In addition to the production environment, the encoding infrastructure maintains 40 “farms” for development and testing.  Each farm is a complete encoding system with 20+ micro-services that matches the capability and capacity of the production environment.  
Computing resources are continuously evaluated and redistributed based on workload.  With the boost of spot market instances, the total encoding throughput increases significantly.  On the R&D side, researchers leverage these extra resources to carry out experiments in a fraction of the time it used to take.  Our QA automation is able to broaden the coverage of our comprehensive suite of continuous integration and run these jobs in less time.
Spot Market Borrowing in Action
We started the new spot market system in October, and we are encouraged by the improved performance compared to our borrowing in the first iteration.
For instance, in one of the research projects, we triggered 12,000 video encoding jobs over a weekend.  We had anticipated the work to finish in a few days, but we were pleasantly surprised to discover that the jobs were completed in only 18 hours.
The following graph captures that weekend’s activity.
The Y-axis denotes the amount of video encoder jobs queued in the messaging system, the red line represents high priority jobs, and the yellow area graph shows the amount of medium and low priority jobs.
Important Considerations
  • By launching on-demand instances in the Encoding team AWS account, the Encoding team never impacts guaranteed capacity (reserved instances) from the main Netflix account.
  • The Encoding team competes for on-demand instances with other Netflix accounts.   
  • Spot instance availability fluctuates and can become unavailable at any moment.  The encoding service needs to react to these changes swiftly.
  • It is possible to dip into unplanned on-demand usage due to sudden surge of instance usage in other Netflix accounts while we have internal spot instances running.  The benefits of borrowing must significantly outweigh the cost of these on-demand charges.
  • Available spot capacity comes in different types and sizes.  We can make the most out of them by making our jobs instance type agnostic.
Design Goals
Cost Effectiveness: Use as many spot instances as are available.  Incur as little unplanned on-demand usage as possible.
Good Citizenship: We want to minimize contention that may cause a shortage in the on-demand pool.  We take a light-handed approach by yielding spot instances to other Netflix accounts when there is competition on resources.
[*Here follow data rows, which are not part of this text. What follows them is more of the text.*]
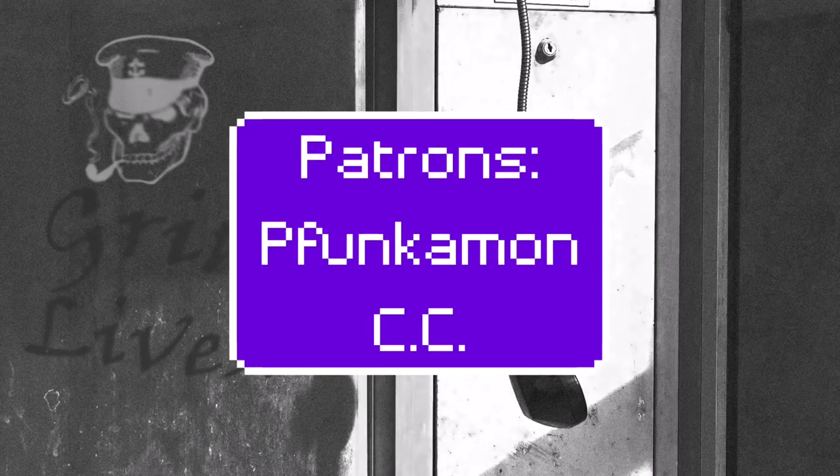A most heartfelt thank you to my patrons and subscribers — I wouldn't be able to do this without y'all. Be sure to like, subscribe, and comment down below. I have a Patreon in the description, as well as my Twitter and Discord server if you'd like to join the community and help this channel grow. I hope you enjoyed this and I'll see you in the next one — thanks again, everyone.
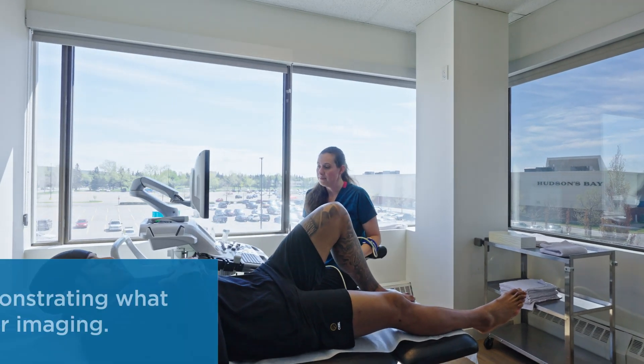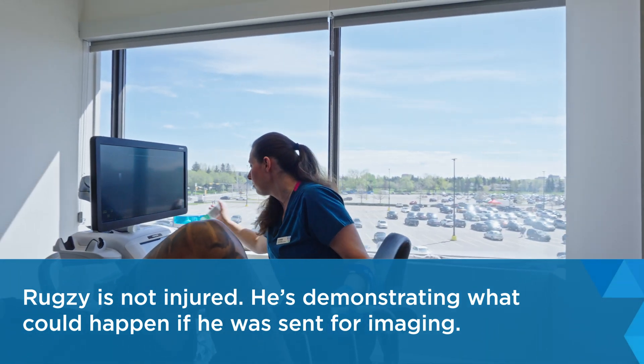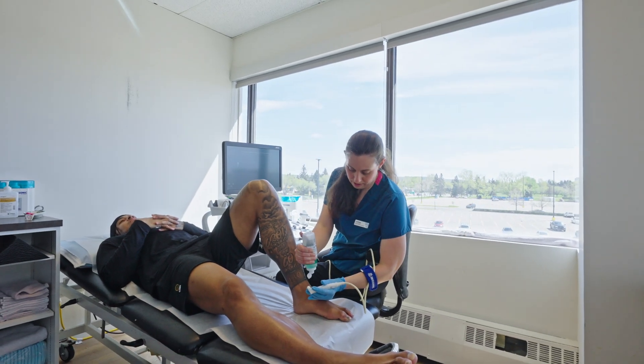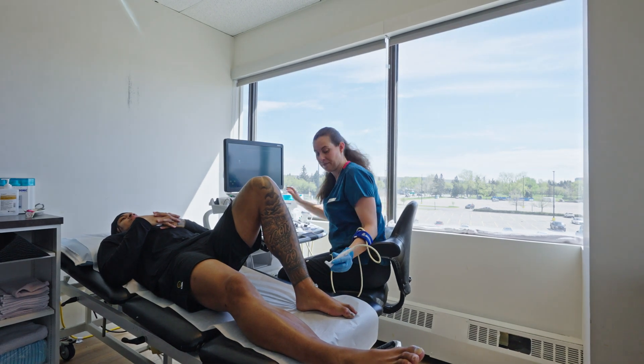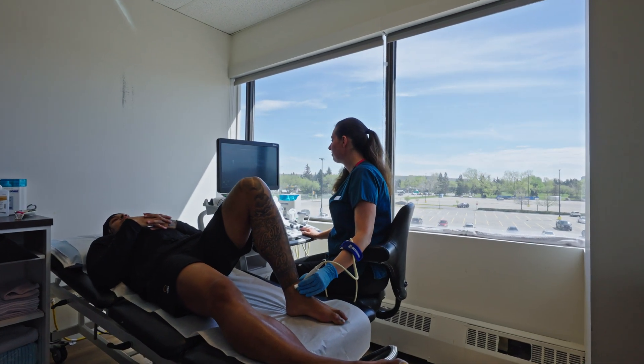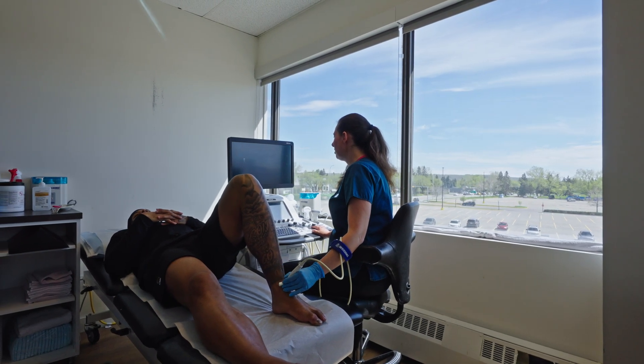Are you comfortable like that? You've got your knee bent, foot flat on the bed. I'm going to put some gel on the end of you here — it should be nice and warm. I'm just going to be going up and down on your foot and your ankle here.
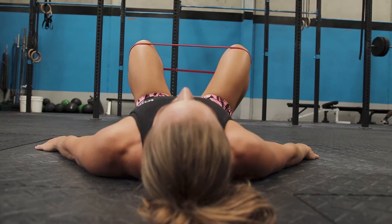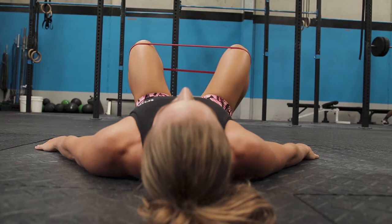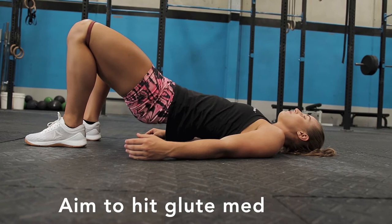In this drill we're looking at hitting 10 glute bridges followed by 10 band pull-aparts each side. The focus is on keeping the knees wider than the feet in order to activate glute meat.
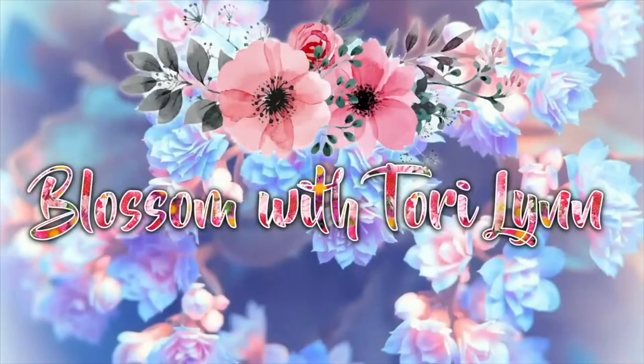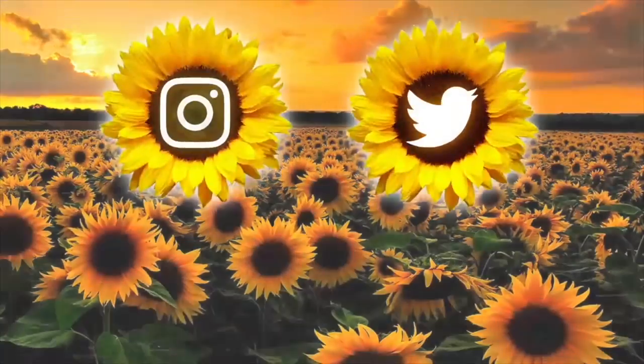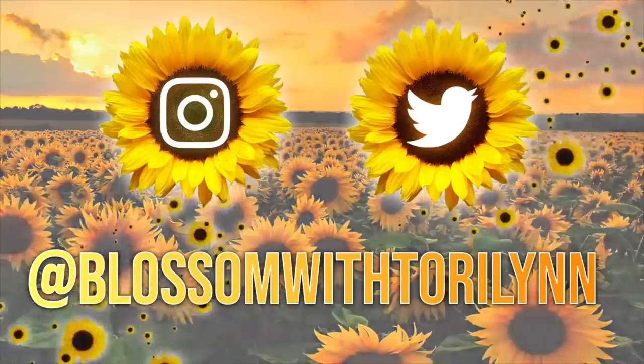Hello guys, welcome to my channel, I'm Tori Lynn. Since the holidays are practically here — Thanksgiving's only a few weeks away and Christmas is just around the corner — I thought I could bring you some holiday hair idea inspo. I'm starting with my hair curled; I just think it looks a little more festive, plus I wear my hair curled like every day. All the styles I'm going to show you work just fine with straight hair too.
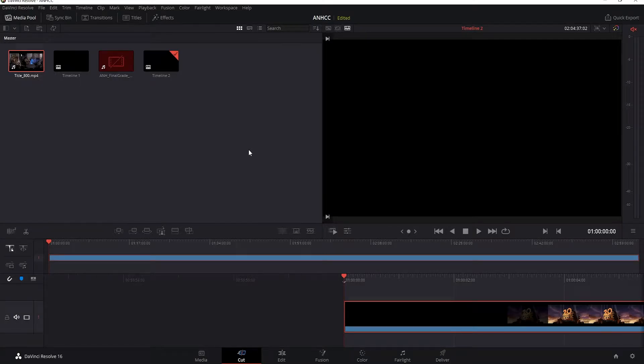Hey guys, welcome back to my YouTube channel. It's been a while since I've done one of these, but now that the holidays are over, I figured I would give another go at my Star Wars fan edit and how I am going about the color correction and color grading process.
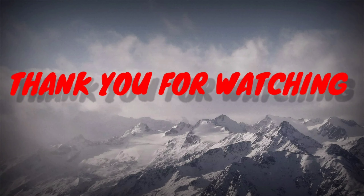Thank you for watching. Stay home. Stay safe. Take care.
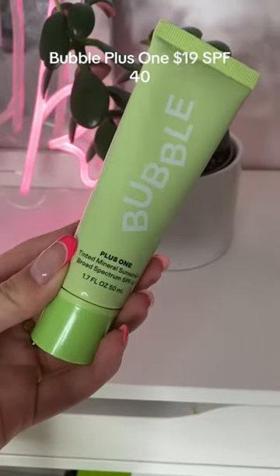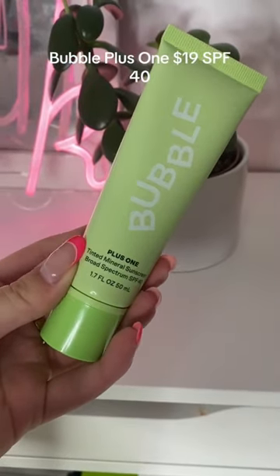For anyone who wants a little bit of skin tint, we have the Plus One tinted mineral sunscreen. This is also SPF 40 and it's 15% zinc oxide. As you can see, it comes out with a little bit of a tint to it, and when you blend it in, it slightly blurs out imperfections. I love using this under makeup as well — it just gave me a little bit of that tint, that nice glowy look to the skin. I love the packaging; they come in a squeezy tube, perfect for travel.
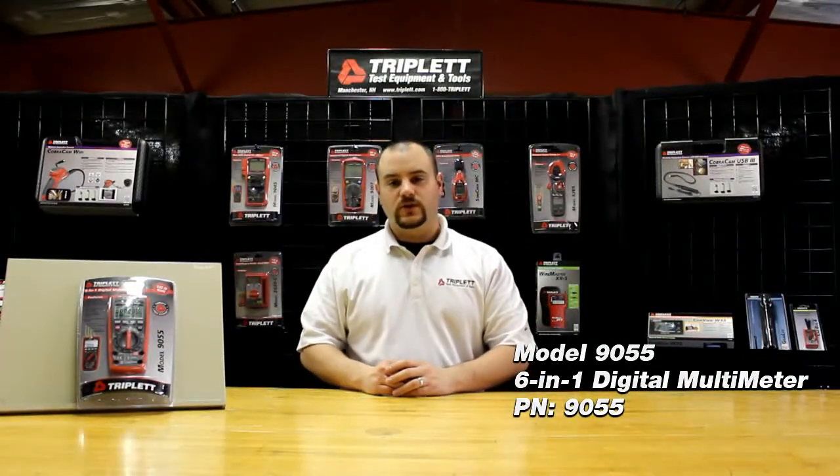Hello, I'm Nick. Today I'm going to talk about Triplett's Model 9055, one of our most diverse digital multimeters.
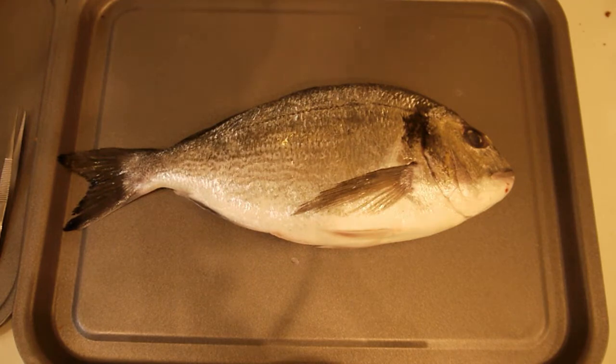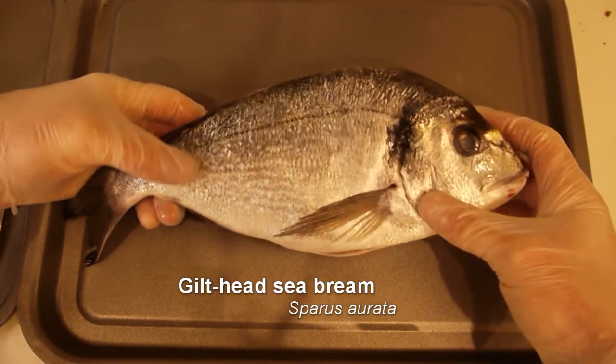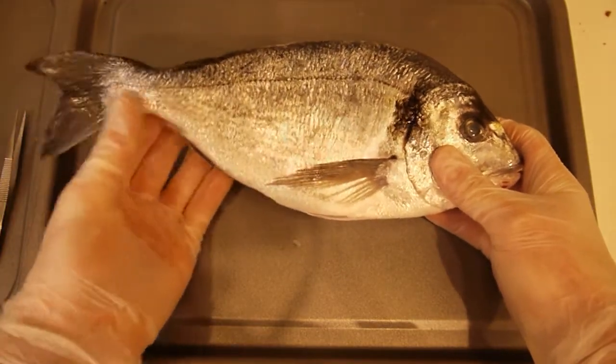Hello, you're watching Bones and Stones, and what I have for you today is this gilt-headed sea bream. It's the only species of sea bream in widespread farming, and this one I got from the fishmonger. I'm going to dissect it for you, then cook and eat it.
Automation: The Encoding team invests heavily in automation.  The encoding system is responsible for encoding activities for the entire Netflix catalog 24x7, hands free.  Spot market borrowing needs to function continuously and autonomously.
Metrics: Collect Atlas metrics to measure effectiveness, pinpoint areas of inefficiency, and trend usage patterns in near real-time.
Key Borrowing Strategies
We spend a great deal of the effort devising strategies to address the goals of Cost Effectiveness and Good Citizenship.  We started with a set of simple assumptions, and then constantly iterated using our monitoring system, allowing us to validate and fine tune the initial design to the following set of strategies below:
Real-time Availability Based Borrowing: Closely align utilization based on the fluctuating real-time spot instance availability using a Spinnaker API.  Spinnaker is a Continuous Delivery Platform that manages Netflix reservations and deployment pipelines.  It is in the optimal  position to know what instances are in use across all Netflix accounts.
Negative Surplus Monitor: Sample spot market availability, and quickly terminate (yield) borrowed instances when we detect overdraft of internal spot instances.  It enforces that our spot borrowing is treated as the lowest priority usage in the company and leads to reduced on-demand contention.
Idle Instance Detection: Detect over-allocated spot instances.  Accelerate down scaling of spot instances to improve time to release, with an additional benefit of reducing borrowing surface area.
Fair Distribution: When spot instances are abundant, distribute assignment evenly to avoid exhausting one EC2 instance type on a specific AZ.  This helps minimize on-demand shortage and contention while reducing involuntary churn due to negative surplus.
Smoothing Function: The resource scheduler evaluates assignments of EC2 instances based on a smoothed representation of workload, smoothing out jitters and spikes to prevent over-reaction.
Incremental Stepping & Fast Evaluation Cycle: Acting in incremental steps avoids over-reaction and allows us to evaluate the workload frequently for rapid self correction.  Incremental stepping also helps distribute instance usage across instance types and AZ more evenly.
Safety Margin: Reduce contention by leaving some amount of available spot instances unused.  It helps reduce involuntary termination due to minor fluctuations in usage in other Netflix accounts.
Curfew: Preemptively reduce spot usage before a predictable pattern of negative surplus inflection that drops rapidly (e.g. Nightly Netflix personal recommendation computation schedule). These curfews help minimize preventable on-demand charges.
Evacuation Monitor: A system-wide toggle to immediately evacuate all borrowing usage in case of emergency (e.g. regional traffic failover).  Eliminate on-demand contention in case of emergency.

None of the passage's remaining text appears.